По лестнице поднимался человек в плаще, с портфелем, в его черных волосах блестели дождинки. Он поднял голову, и Горбачев узнал Ярошевича, и Ярошевич узнал его. Отступил на шаг, достал из кармана ключи.
— Вы ко мне? — Поднял язычок замка, открыл дверь. — Прошу.
Горбачев зашел в длинный темноватый коридор, споткнулся о деревянный самосвал.
— Извините, соседи, — сказал Ярошевич и включил свет. — Пожалуйста, сюда. Вешалка у меня в комнате.
Он забренчал ключами и открыл вторую дверь.
— Одну минутку, я чуть-чуть приберу.
— Неважно, — сказал Горбачев, — я ведь не в гости.
Он вошел и остановился у двери, и увидел за стеклом книжной полки цветную Ритину фотокарточку. Рита сидела на парапете, свесив ноги, за нею в солнечных бликах дробилось море. Шляпа из соломки с широкими полями затеняла ее лицо, темные очки скрывали глаза, легкое платье без рукавов обтягивал ветер… что-то я не помню, есть у нас дома такой снимок или нет?
Ярошевич проследил за его взглядом. Убрать? А зачем? Что это изменит? Пусть стоит.
— Проходите.
Горбачев снял фуражку, плащ и прошел к столу. Переполненная пепельница, грязные тарелки, бумаги. Смятая постель на тахте, разбросанные по стульям сорочки и галстуки, кислый, затхлый воздух. «А ведь тебе тоже хреново живется, — думал Григорий Константинович, пока Ярошевич открывал форточку. — Риты здесь давно не было, факт, я почуял бы. Да, брат, так-то вот оно…»
Ярошевич выбросил из пепельницы в газету окурки, отнес на кухню грязные тарелки. Чего он притащился, чего ему от меня надо?..
— Мерзкая погода, — помолчав, сказал Горбачев.
— Что? — не понял Ярошевич.
— Погода, говорю… Слякотно, грязно…
— Да, да, — сказал Ярошевич. — Слякотно. Может, мы того… погреемся? У меня есть, я сейчас…

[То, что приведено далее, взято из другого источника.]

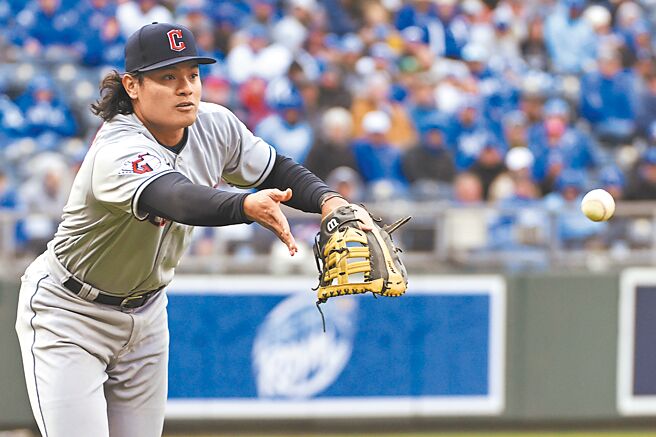 张育成在新冠确诊痊癒后归队，却已经找不到表现位置，遭到守护者队指定让渡。（美联社）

Он смахнул со стола, достал чистые стопки, тарелки, нарезал хлеба и колбасы. Достал из тумбочки бутылку, налил. У него были мелкие, суетливые движения, и Горбачеву это показалось смешным: рослый, здоровый мужик, а суетится. Трусит, что ли? Чего ему трусить?
Выпили, не чокнувшись, молча закурили.
— Так вот и живешь?
— Так вот и живу.
— Плохо.
— Да уж что хорошего.
— Рита знает, что я… Что меня…
— Знает.
— Так я и думал. Еще по одной?
— Давайте.
— Ты знал, что она хочет уйти?
— Нет, мне это даже не приходило в голову.
— Ты… ты ее отправил назад?
— Нет, сама. Пришла, плакала, рассказала о вашем разговоре. Потом ушла, сказала, что не может.
— Не врешь?
— Нет. Она ведь тоже человек.
— Человек… Я все время мучаюсь: что ее заставило уйти? Вернуться — это я понимаю: жалость, сострадание, страх, наконец. Но что ее заставило уйти? Ты?..
— Ребенок.
— Какой ребенок?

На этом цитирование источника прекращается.